Unread postPosted: Thu Feb 17, 2005 9:24 pm
by gillmang
John, on your website (http://www.ellenjaye.com) you have indicated for some time you will post some writing on the rye whiskey traditions of Eastern Pennsylvania and Maryland. Just wondering if you have made progress on that and whether you foresee a date to print that paper. Also, can you report here, even in outline form, any conclusions about how rye evolved in those places?

Kudos for undertaking such a fascinating area of research.

Gary

Unread postPosted: Fri Feb 18, 2005 11:10 am
by bourbonv
Gary,
John has some very interesting theories about rye whiskey. I hope he does take time to explain them here. I don't agree with everything he theorizes at this time, but I agree his ideas are worth looking into. In the end, I suspect both John and I will be suprised at what he finds.
Mike Veach

Unread postPosted: Thu Mar 24, 2005 9:12 pm
by Strayed
Yikes!
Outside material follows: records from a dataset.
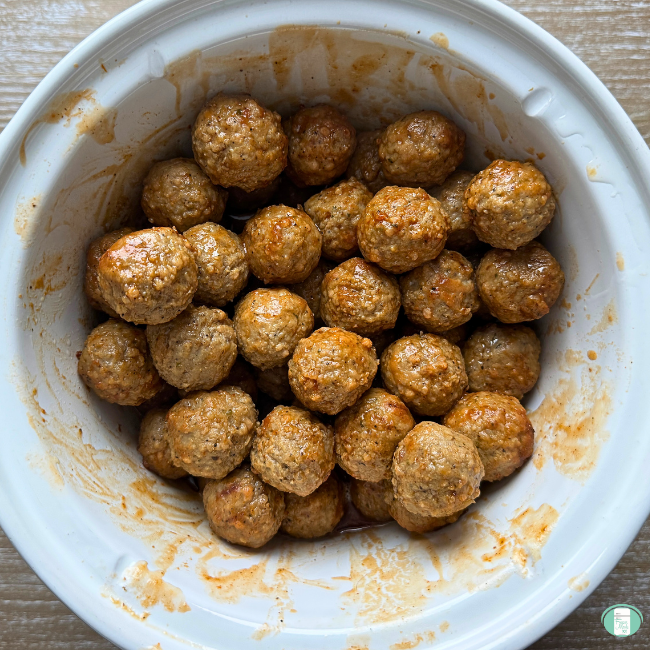 Honey bourbon meatballs in a slow cooker ready to be cooked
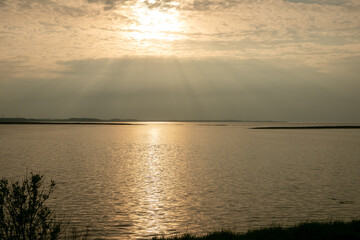 Naklejka premium sunset over the river
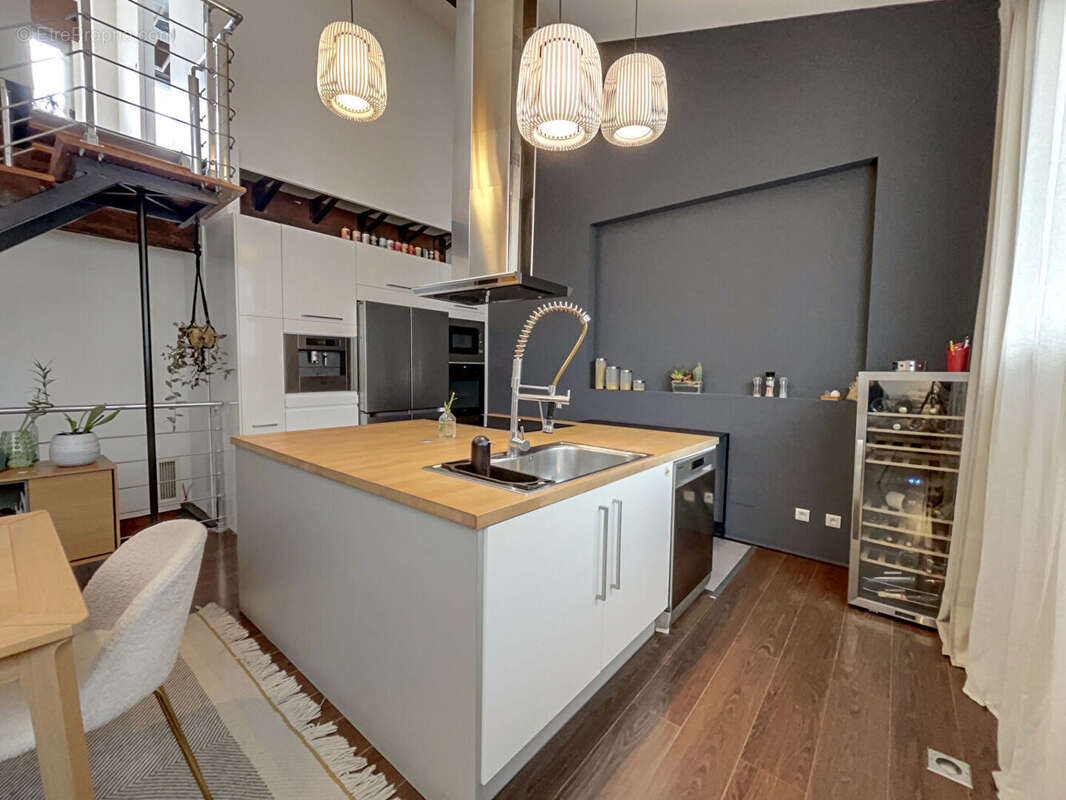 Duplex d'exception avec terrasse de 25m², spa et volumes rares - photo 5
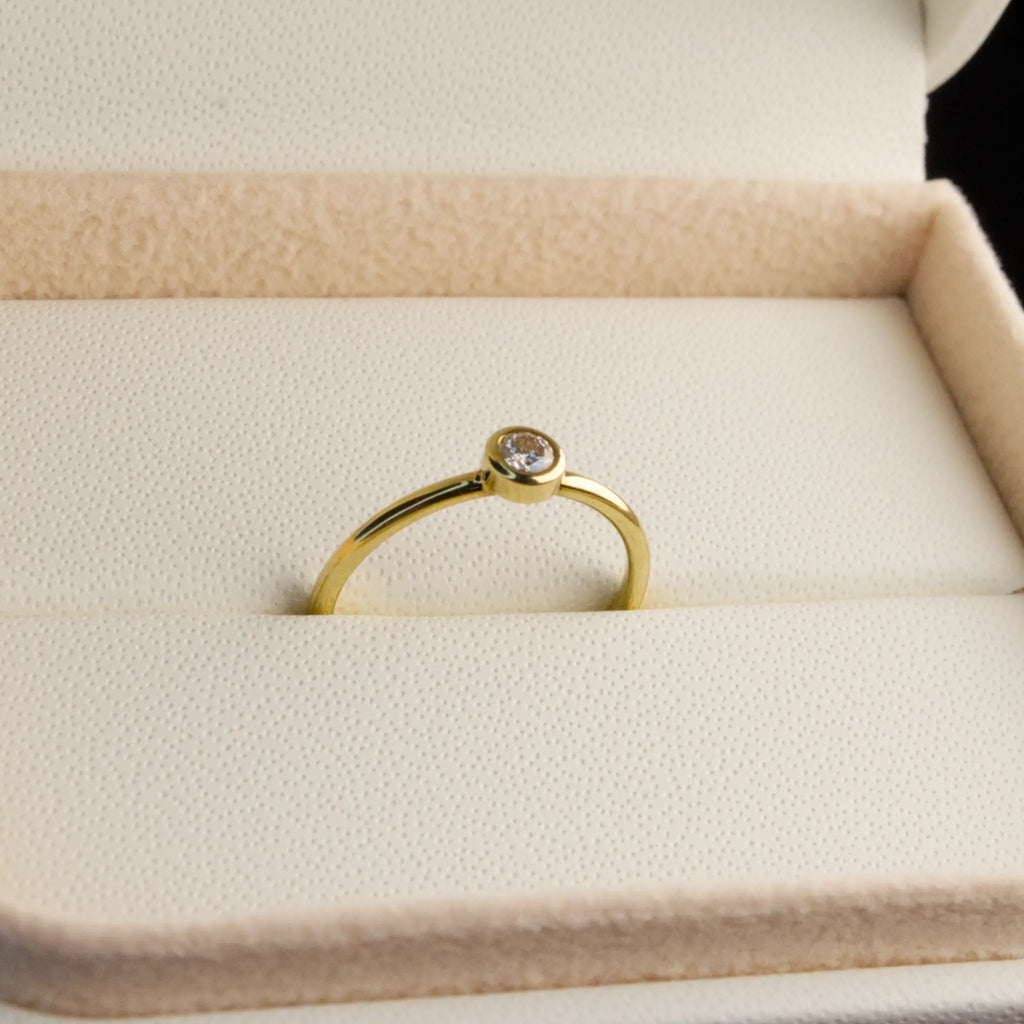 Dainty natural Diamond Bezel set ring in Yellow gold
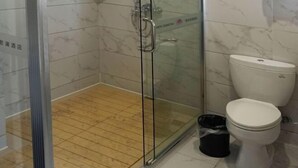 A bathroom with a glass shower enclosure, a toilet, and a trash bin. - Green Journey Inn (Suzhou)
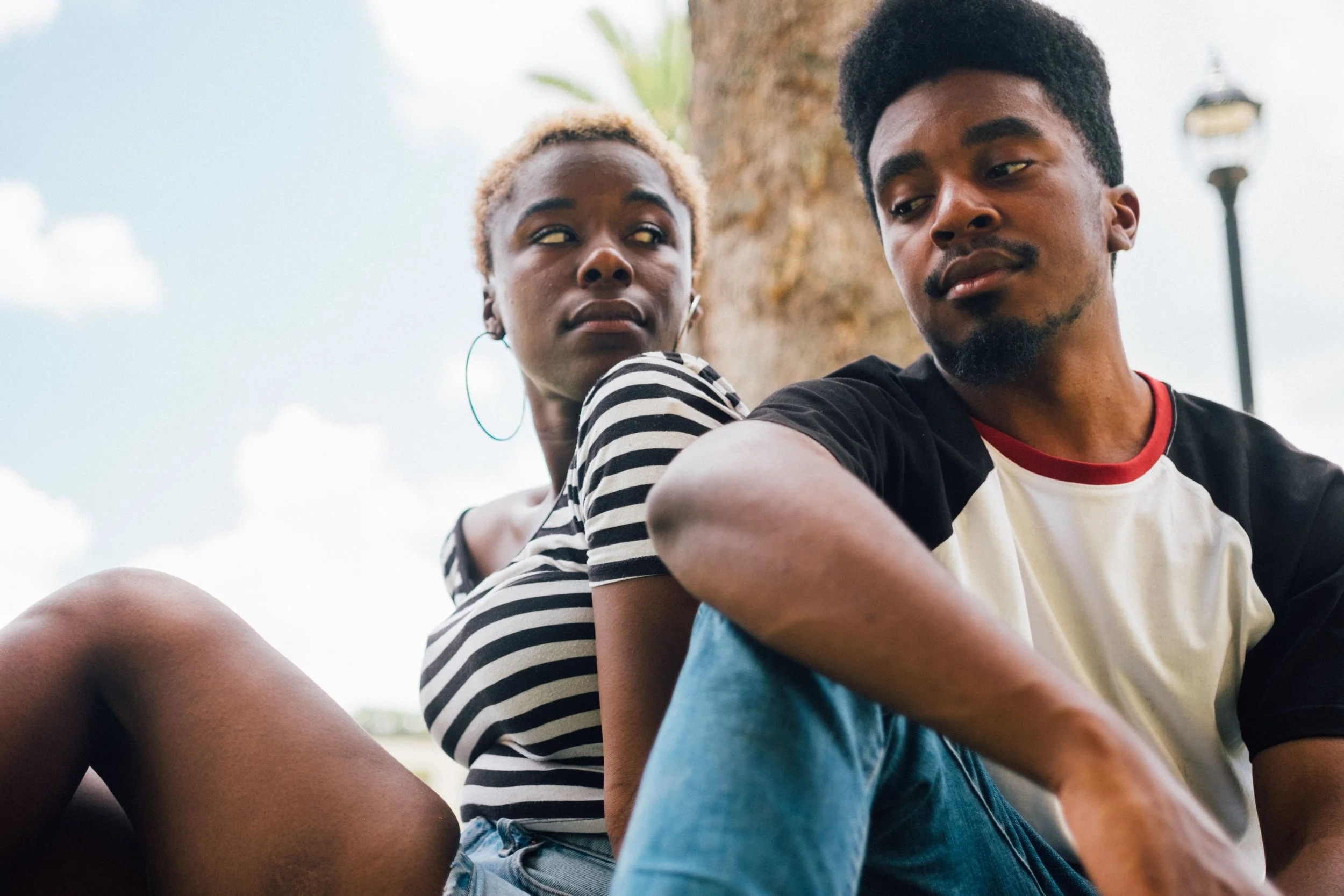 Married couple sitting separately in their home, representing quiet divorce, relationship burnout, and emotional disconnection.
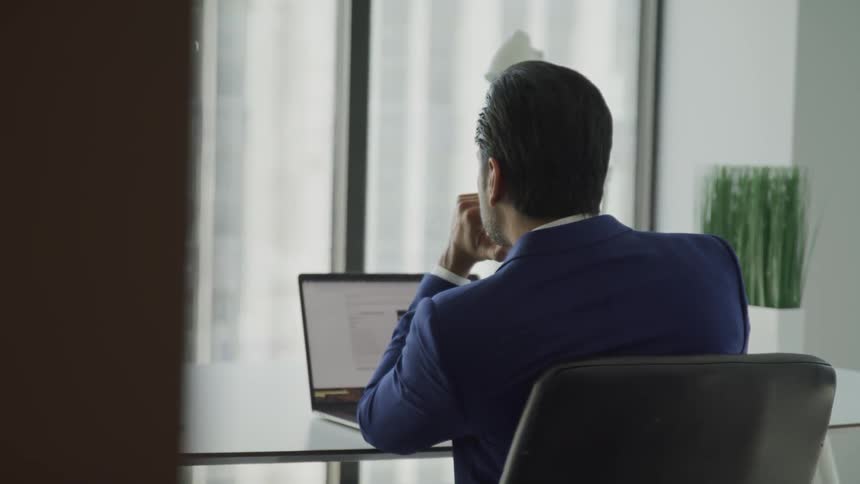 A man is sitting at a desk and looking at a laptop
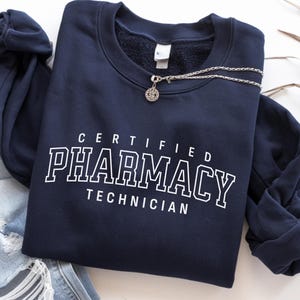 May include: A navy blue crewneck sweatshirt featuring the white text "CERTIFIED PHARMACY TECHNICIAN" in a collegiate-style font. The garment has long sleeves and a ribbed neckline, with a silver-toned chain necklace resting on the collar area.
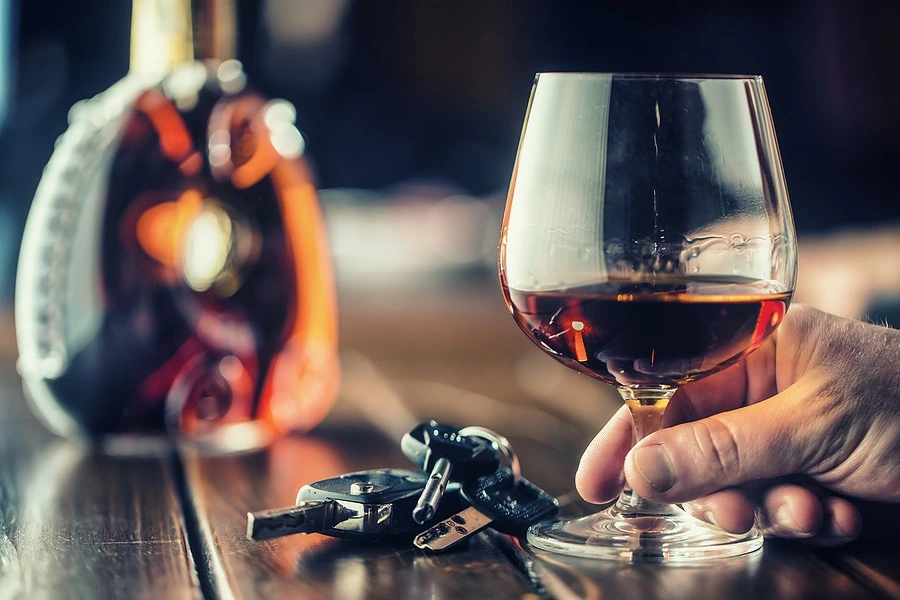 Person holding a glass of alcohol with car keys on the table, illustrating the importance of choosing a lawyer with local Los Angeles DUI experience.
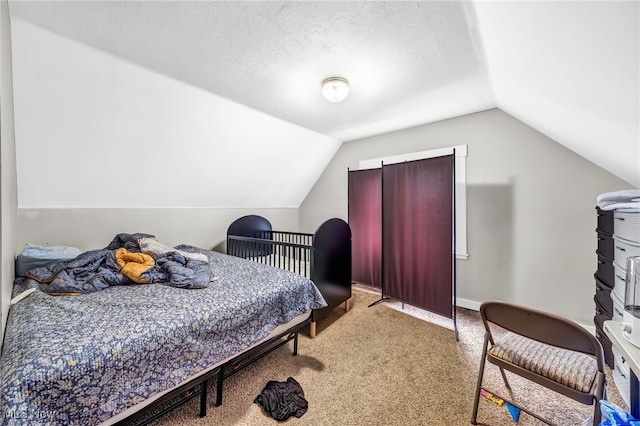 carpeted bedroom with lofted ceiling, a textured ceiling, and baseboards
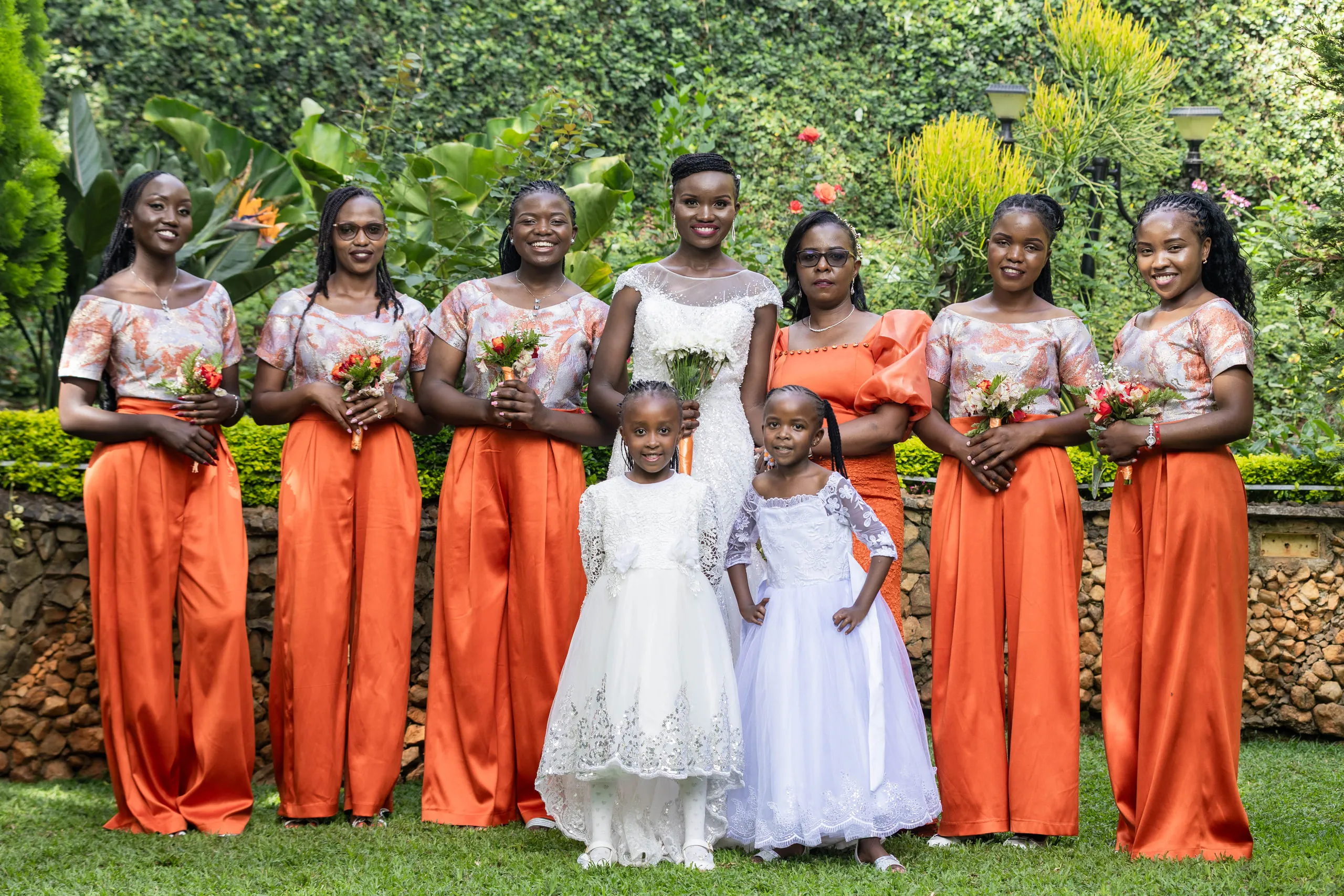 Bride with her bridesmaids in orange satin and two flower girls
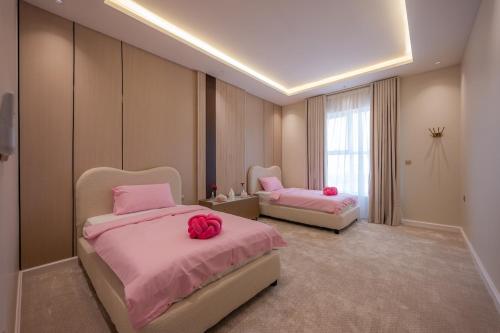 two beds in a room with pink sheets at شقة فاخرة بثلاث غرف نوم دخول ذكي وموقف خاص in Jeddah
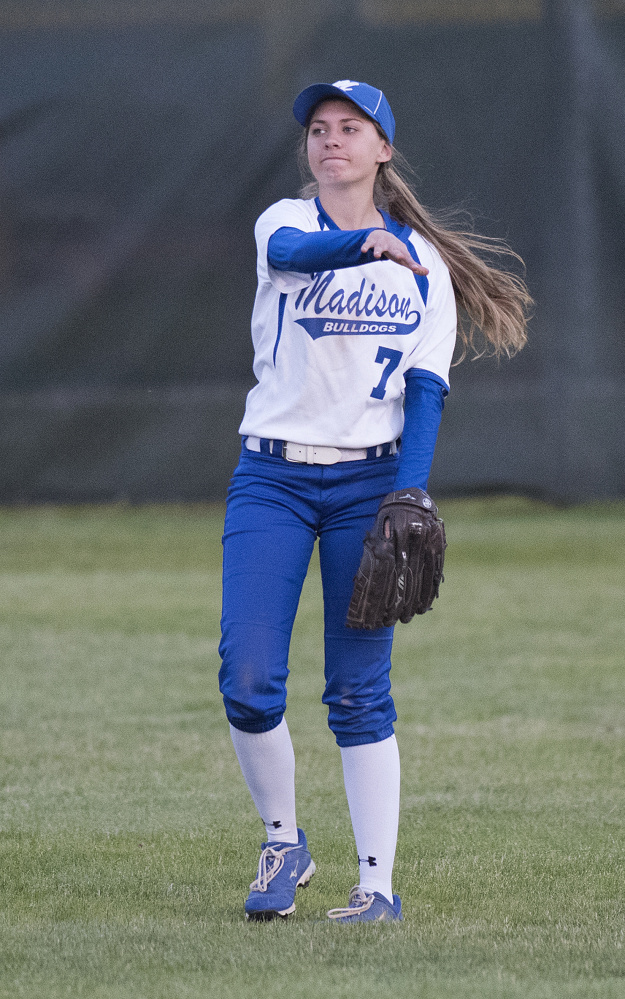 Madison sophomore outfielder Sydney LeBlanc fields a ball during the Class C South championship game on Tuesday night at St. Joseph's College in Standish.
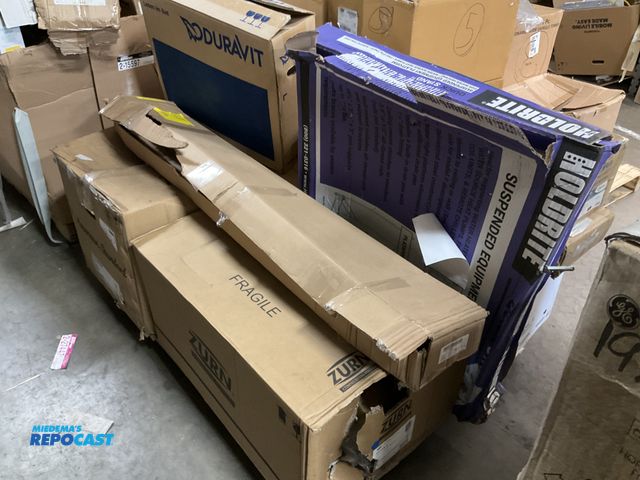 Lot 2-69374 - Skid lot of various plumbing and household materials such as proflo sink pedestal leg, suspended equ...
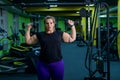 An obese woman is working on losing weight. Fat blondes train biceps with a dumbbell in the trainer room. A lot of Royalty Free Stock Photo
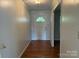 Inviting foyer features hardwood floors and a classic front door at 1116 Fieldstone Rd, Mooresville, NC 28115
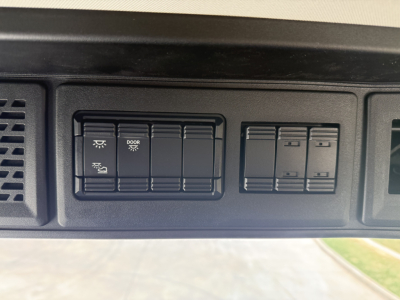 Dashboard switches and panels in a Mack AN64T showing multiple rocker switches; labels include door and light icons.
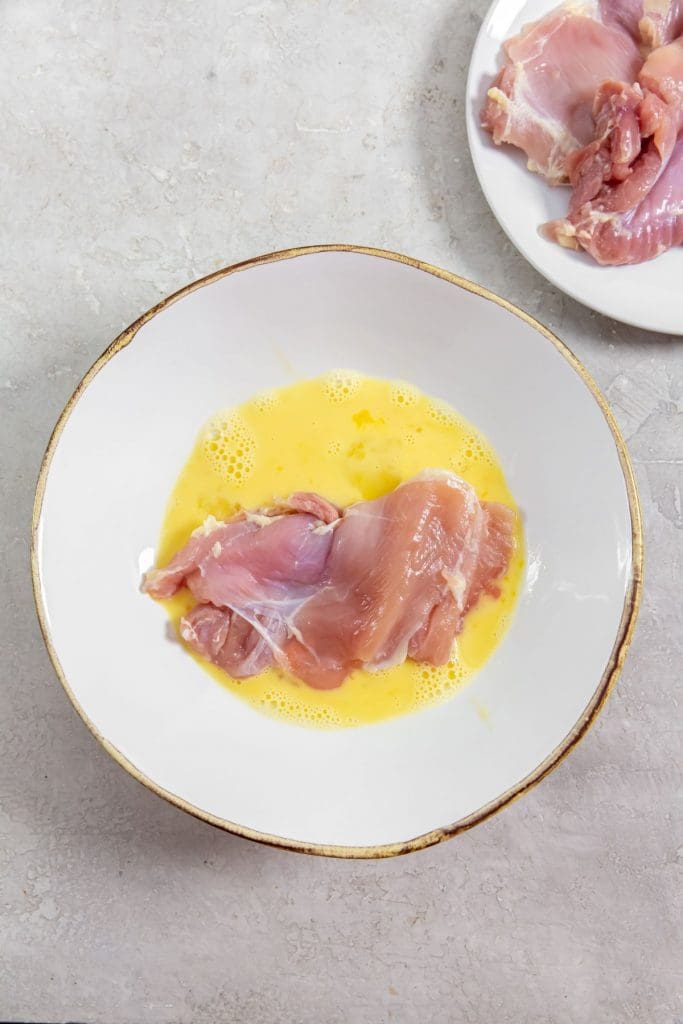 glass bowl with chicken in the egg bath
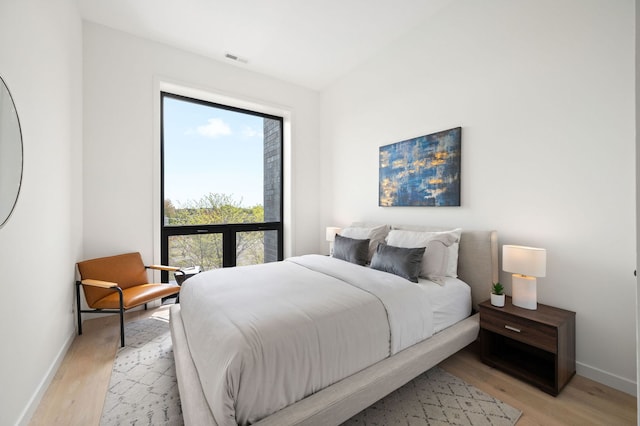 2354 W Farragut Ave Unit Ph-404, Chicago, IL 60625 - bedroom with baseboards and light wood finished floors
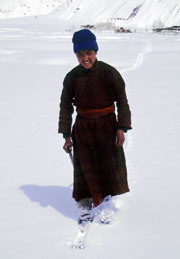 Zanskari child who has fashioned makeshift skis from pieces of hose-pipe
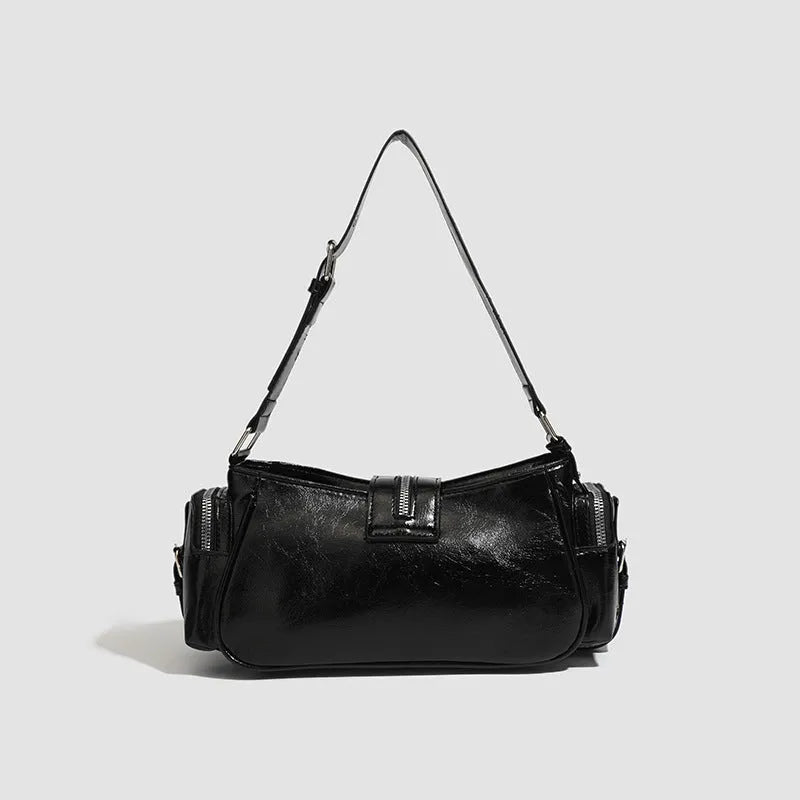 Black retro dumpling-shaped handbag with oil wax leather and multiple internal compartments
I had something to post that seemed to be moving outside of the thread I was replying in, so I looked for an appropriate forum and... I never knew this topic was here! I guess I better add some input, so Mike and Gary don't think I'm ignoring them :lol:

Well, actually, this is probably a real good place for what I wanted to post anyway, so here goes...

You see, it seems I was thinking at work today, which is something I do proudly as no one else else at my work seems to be able to. But I wasn't thinking about network security or subjects of proper geek-hood. I was thinking about what I'd said earlier here, in the Non-Bourbon Whiskey topic, concerning the two very distinctive types of American whiskey, each with its own history and tradition, and whether they might have influenced, not each other so much, but perhaps an entirely new third kind.

And then all of a sudden I realized it. Of COURSE!!

[sound effects]
It was a dark and stormy night in Limestone.
Or Bardstown.
Or Shippingsport.
Or maybe it was in Woodford County.

Yeah, that's it. Woodford County, 1830. Driving up the narrow, twisty McCracken pike with his wagonload of pure Kentucky corn whiskey, Jack Reese was thinking only about getting to the tavern at Versailles, where he would deliver the last barrel for today and get a nice dry room with a bathtub no more than thirty feet down the hall.

But things weren't going to work out quite that way on this most portentious of evenings. For coming down McCracken pike, late again as usual, and with a wagonload of Kentucky's finest rye whiskey, was Jake Riesz, on his way to the wholesaler's warehouse at Forks of the Elkhorn. The rain beat down like arrows. Lightning flared, and the thunder cracked just as he came around a blind turn. It was followed by another loud crash, and the horses broke free and bolted. But this crash was different from thunder. This was the impact of two wagons, the smashing of heavy oak barrels.

There were splashing noises, too.

And the next either man could remember was that they were coming to in a pile of broken wagons and leaking barrels.

"Hey!" said Jake Riesz, "you got corn whiskey in my rye!"

"No!" Jack Reese replied, "you got rye on my corn whiskey!"

... And the rest, as they say, is history.